De todas las obras de la creación, el ser humano es el más amable, es decir, toda persona es digna o merecedora de ser amada por sí.
Al hacer lista de virtudes cristianas, con frecuencia olvidamos la virtud de la amabilidad. Nos sucede como si quisiéramos ser sólo protagonistas activos del amor y renunciásemos a sentirnos amados, a reconocernos amables. En último término, nuestra actitud orgullosa podría ser una renuncia a la pobreza, que es sentirse uno necesitado o destinatario de la caridad de los otros.

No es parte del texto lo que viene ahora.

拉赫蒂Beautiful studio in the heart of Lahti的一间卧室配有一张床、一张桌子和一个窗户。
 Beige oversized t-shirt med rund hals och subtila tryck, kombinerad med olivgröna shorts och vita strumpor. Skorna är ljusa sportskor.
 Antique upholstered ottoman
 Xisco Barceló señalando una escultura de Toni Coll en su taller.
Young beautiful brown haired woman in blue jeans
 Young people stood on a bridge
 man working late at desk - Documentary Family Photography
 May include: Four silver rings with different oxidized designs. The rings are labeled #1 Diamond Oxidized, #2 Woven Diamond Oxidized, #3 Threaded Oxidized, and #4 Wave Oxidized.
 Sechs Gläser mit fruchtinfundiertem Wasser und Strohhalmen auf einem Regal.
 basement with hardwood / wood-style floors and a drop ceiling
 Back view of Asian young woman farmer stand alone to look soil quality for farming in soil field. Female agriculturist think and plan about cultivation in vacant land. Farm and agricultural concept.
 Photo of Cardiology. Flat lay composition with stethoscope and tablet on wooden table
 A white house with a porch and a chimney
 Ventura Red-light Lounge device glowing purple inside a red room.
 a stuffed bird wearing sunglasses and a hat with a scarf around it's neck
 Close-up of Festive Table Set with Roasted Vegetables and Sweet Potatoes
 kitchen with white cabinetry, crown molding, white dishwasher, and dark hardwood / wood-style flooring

El hombre, creado a imagen y semejanza de Dios, es receptor en su misma persona, del amor de Dios; en el fondo de todo hombre, reposa el amor de Dios. Así, como en un remanso de agua cristalina y mansa sucede entonces que se puede ver claramente el fondo. Por el contrario, la agitación descomedida del hombre remueve y enturbia todo, dando la sensación desagradable de suciedad.
La virtud de la amabilidad nos lleva a ser como agua cristalina que permite que reconozcan en cada uno de nosotros la imagen de Dios que nos pertenece porque Él mismo nos la dio. La ausencia de esta virtud nos conduce a desbocarnos hacia el protagonismo y el estrellato. Muchas veces nos impele a querer ser visibles y audibles, hablando, gritando, buscando los primeros puestos.
Este dejarme amar, propiciará que mis palabras no sean amenazadoras. Que yo no tenga gestos agresivos. Desde mi pobreza, deseo que los hombres, vean en mí la imagen de Dios y así yo les resulte amable.